◆ Work task ◆
Only the lines from the one containing "Tiny photo for" through the last line of the data below belong in your answer, copied exactly and without pictures.

(Dataset records)

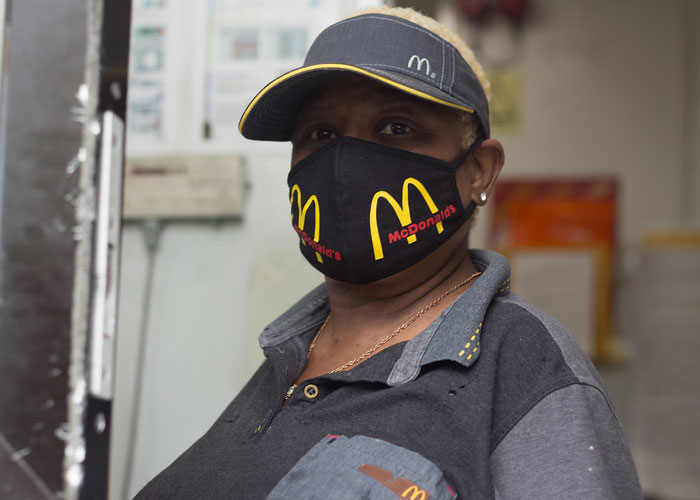 “It’s A ‘Benefit’ To My Employer, Not Me”: People Are Sharing 30 Insulting Things A Job Has Offered Them “It’s A ‘Benefit’ To My Employer, Not Me”: People Are Sharing 30 Insulting Things A Job Has Offered Them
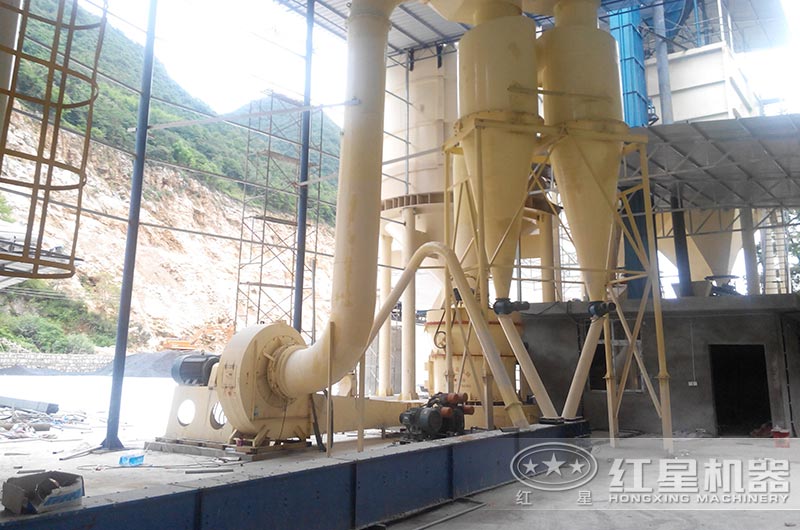 山東120-200目石英粉加工現(xiàn)場 山東120-200目石英粉加工現(xiàn)場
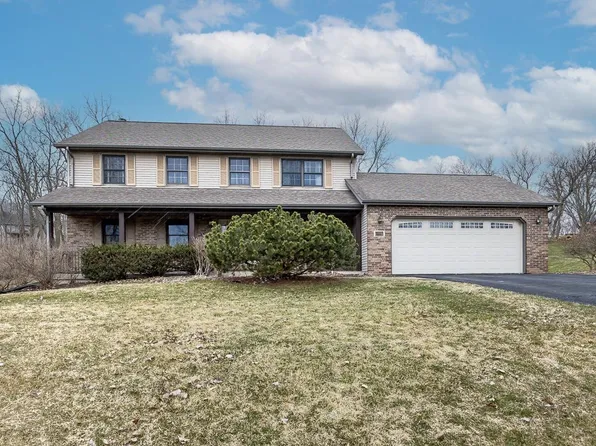 11281 Woodview Dr, Dubuque, IA 52003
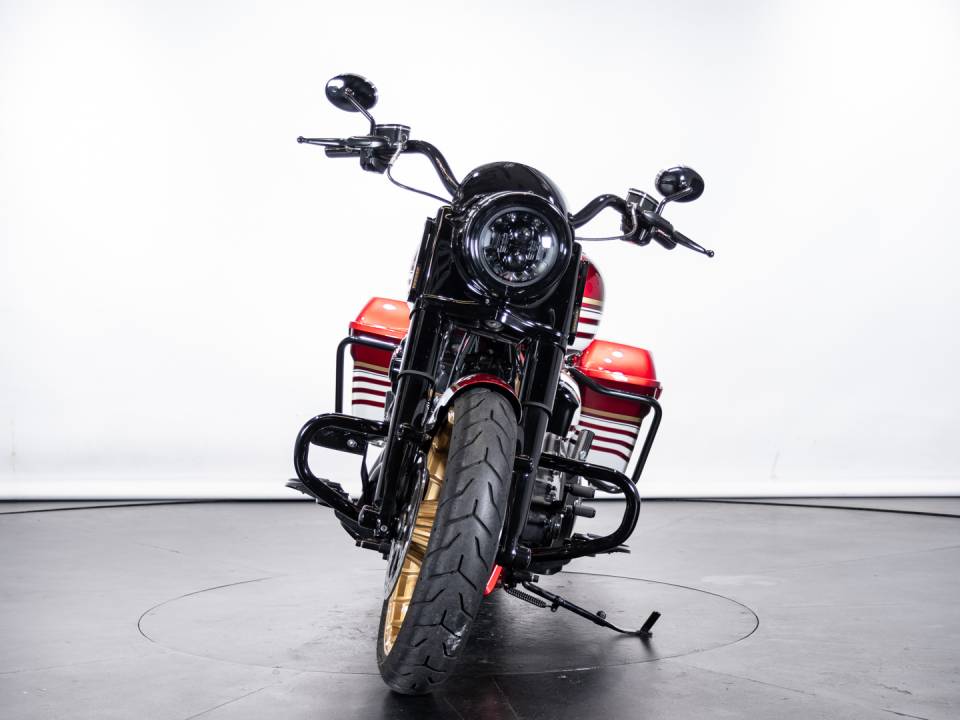 Image 6/50 de Harley-Davidson DUMMY (2019)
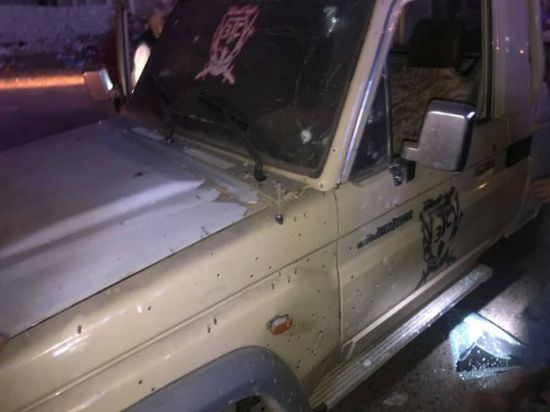 عاجل..استهداف طقم عسكري تابع للعمالقة بعبوة ناسفة في العاصمة عدن (صور)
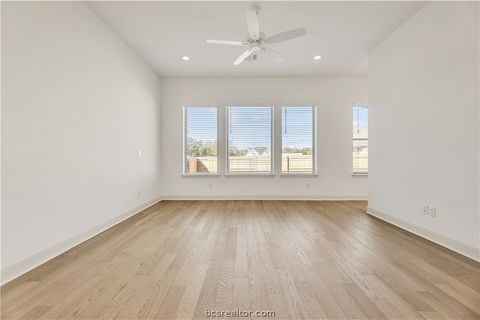 Tiny photo for 5084 Acadia Loop, Bryan, TX 77802 (MLS # 26004281)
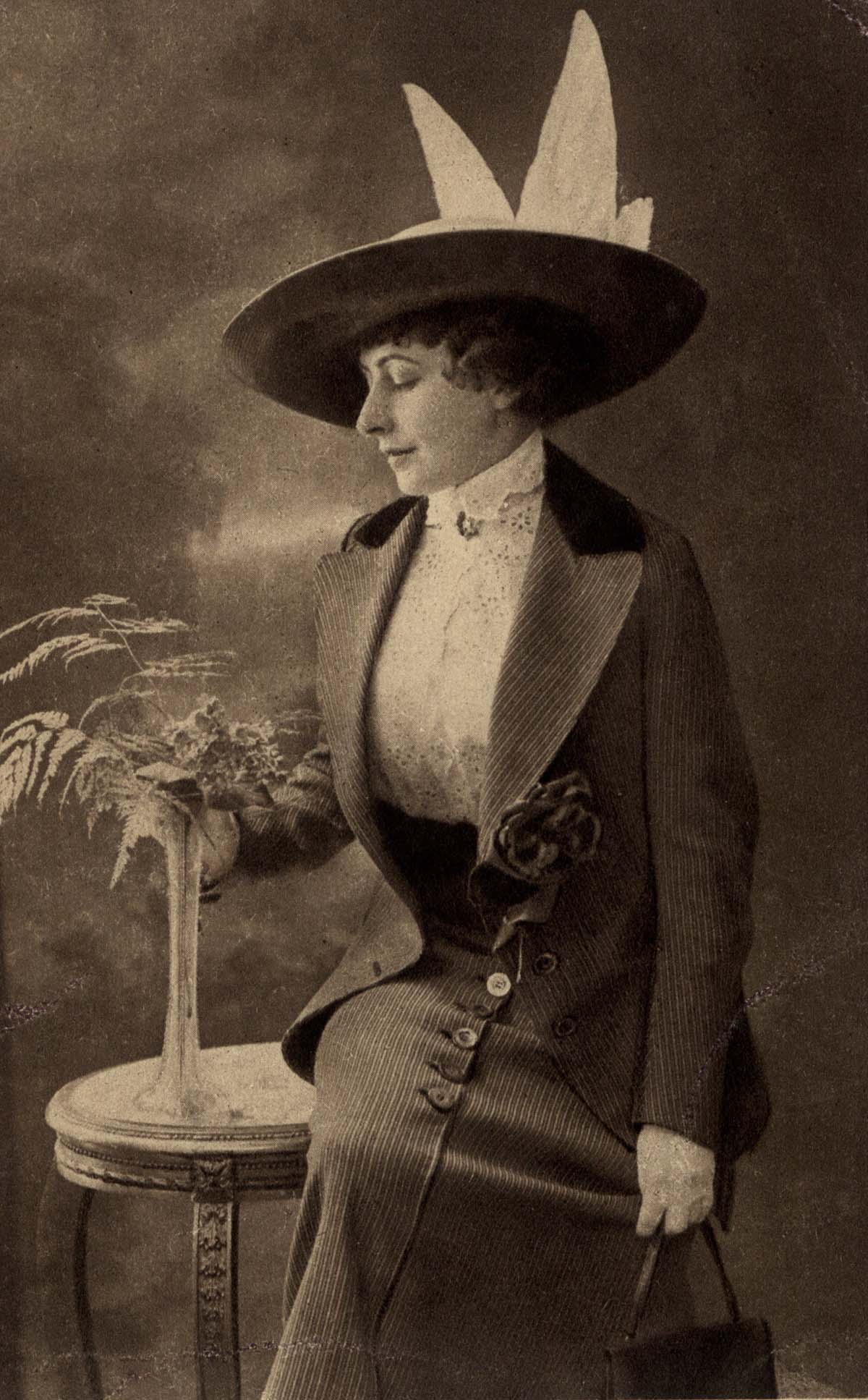 Portret Felicji Pichor-Śliwickiej przy stoliku. Pocztówka, po 1900. Ze zbiorów BN.
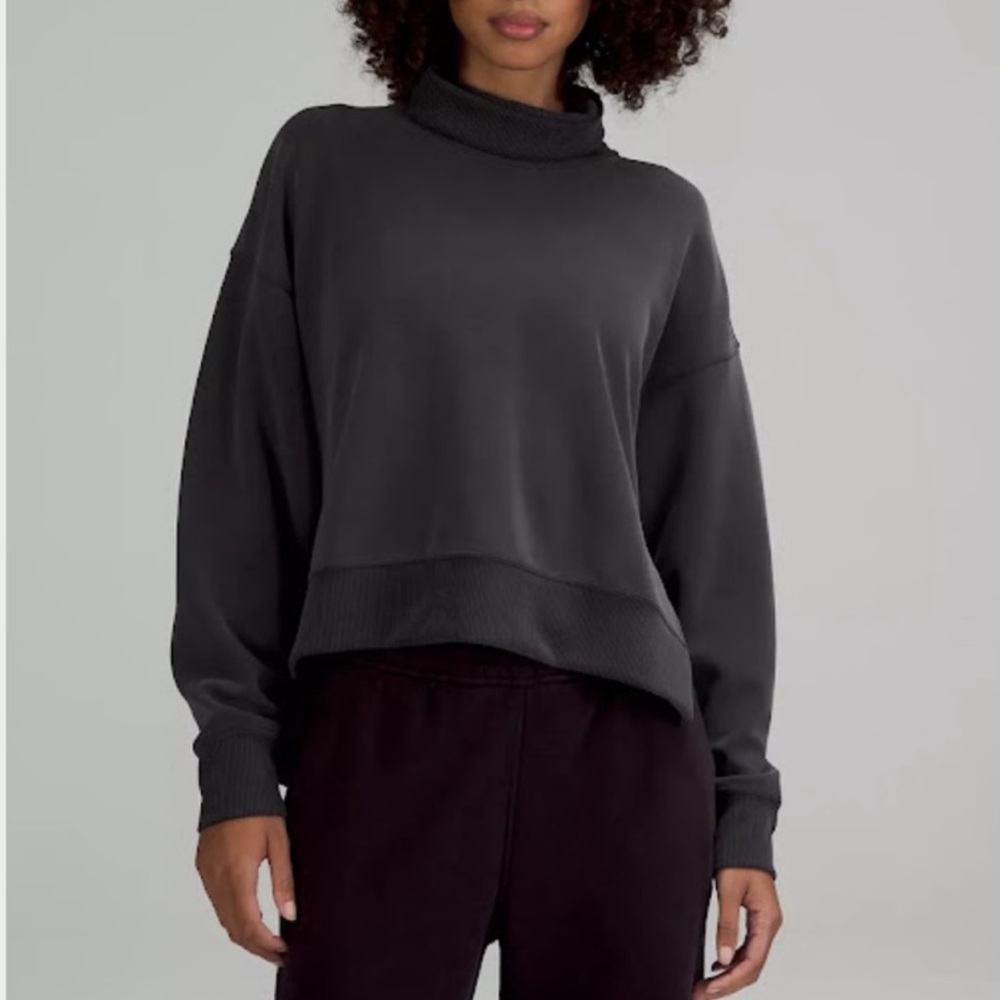 Lululemon Softstreme Turtleneck Pullover Black
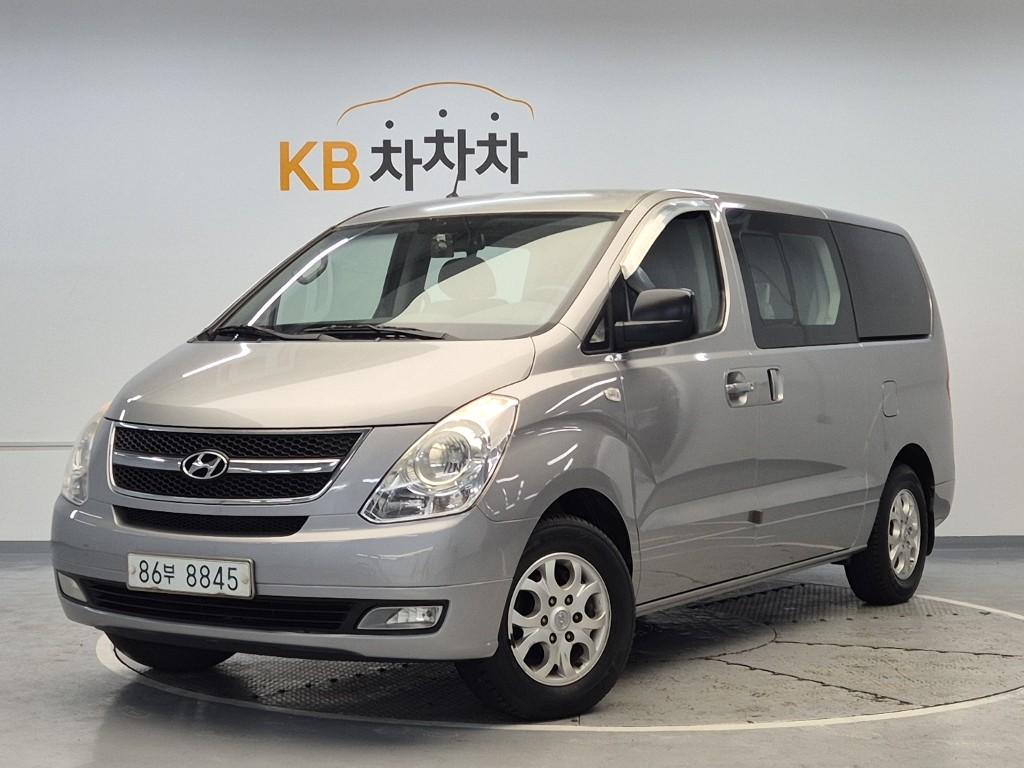 2011 HYUNDAI GRAND STAREX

◆ Finished exercise ◆
 Tiny photo for 5084 Acadia Loop, Bryan, TX 77802 (MLS # 26004281)
 Portret Felicji Pichor-Śliwickiej przy stoliku. Pocztówka, po 1900. Ze zbiorów BN.
 Lululemon Softstreme Turtleneck Pullover Black
 2011 HYUNDAI GRAND STAREX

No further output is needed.